:: Listed records
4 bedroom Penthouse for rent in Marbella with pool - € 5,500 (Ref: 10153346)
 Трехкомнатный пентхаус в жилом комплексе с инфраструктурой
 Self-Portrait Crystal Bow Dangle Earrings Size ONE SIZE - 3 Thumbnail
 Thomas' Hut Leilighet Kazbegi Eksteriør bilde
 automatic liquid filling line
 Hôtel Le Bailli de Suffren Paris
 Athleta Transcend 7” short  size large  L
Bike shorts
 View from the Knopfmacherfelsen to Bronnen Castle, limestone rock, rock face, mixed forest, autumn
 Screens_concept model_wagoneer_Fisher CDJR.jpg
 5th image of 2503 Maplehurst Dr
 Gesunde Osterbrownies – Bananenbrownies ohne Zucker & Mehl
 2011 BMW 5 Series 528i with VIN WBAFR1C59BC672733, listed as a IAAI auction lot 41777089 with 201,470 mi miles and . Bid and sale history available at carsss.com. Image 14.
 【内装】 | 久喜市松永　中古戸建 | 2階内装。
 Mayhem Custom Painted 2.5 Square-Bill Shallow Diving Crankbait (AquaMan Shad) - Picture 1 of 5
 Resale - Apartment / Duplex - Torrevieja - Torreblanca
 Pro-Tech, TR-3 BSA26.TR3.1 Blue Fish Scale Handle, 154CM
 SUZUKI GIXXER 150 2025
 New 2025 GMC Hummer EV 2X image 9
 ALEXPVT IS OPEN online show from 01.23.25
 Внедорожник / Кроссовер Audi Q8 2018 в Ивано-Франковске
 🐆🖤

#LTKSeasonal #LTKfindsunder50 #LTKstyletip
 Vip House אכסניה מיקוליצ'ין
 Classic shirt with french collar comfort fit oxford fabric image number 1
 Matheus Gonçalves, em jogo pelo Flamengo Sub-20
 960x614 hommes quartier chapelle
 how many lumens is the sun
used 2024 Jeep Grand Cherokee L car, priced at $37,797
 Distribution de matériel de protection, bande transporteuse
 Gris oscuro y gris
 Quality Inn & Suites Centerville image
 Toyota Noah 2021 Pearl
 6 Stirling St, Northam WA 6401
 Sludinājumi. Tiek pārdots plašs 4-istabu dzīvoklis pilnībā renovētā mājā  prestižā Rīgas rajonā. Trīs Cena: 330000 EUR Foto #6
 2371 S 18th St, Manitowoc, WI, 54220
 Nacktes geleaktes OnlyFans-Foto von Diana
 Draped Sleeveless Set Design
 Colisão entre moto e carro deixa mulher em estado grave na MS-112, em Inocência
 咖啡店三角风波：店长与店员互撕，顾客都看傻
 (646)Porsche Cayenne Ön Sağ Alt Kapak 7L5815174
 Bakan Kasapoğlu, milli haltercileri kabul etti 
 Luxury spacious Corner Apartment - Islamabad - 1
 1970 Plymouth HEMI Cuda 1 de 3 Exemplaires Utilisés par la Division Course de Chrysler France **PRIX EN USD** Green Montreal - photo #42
::::
Scan the records above for the lines holding "Distribution de matériel" and "Sludinājumi. Tiek pārdots". Transcribe those two and every line between them word for word, and no others.

 Distribution de matériel de protection, bande transporteuse
 Gris oscuro y gris
 Quality Inn & Suites Centerville image
 Toyota Noah 2021 Pearl
 6 Stirling St, Northam WA 6401
 Sludinājumi. Tiek pārdots plašs 4-istabu dzīvoklis pilnībā renovētā mājā  prestižā Rīgas rajonā. Trīs Cena: 330000 EUR Foto #6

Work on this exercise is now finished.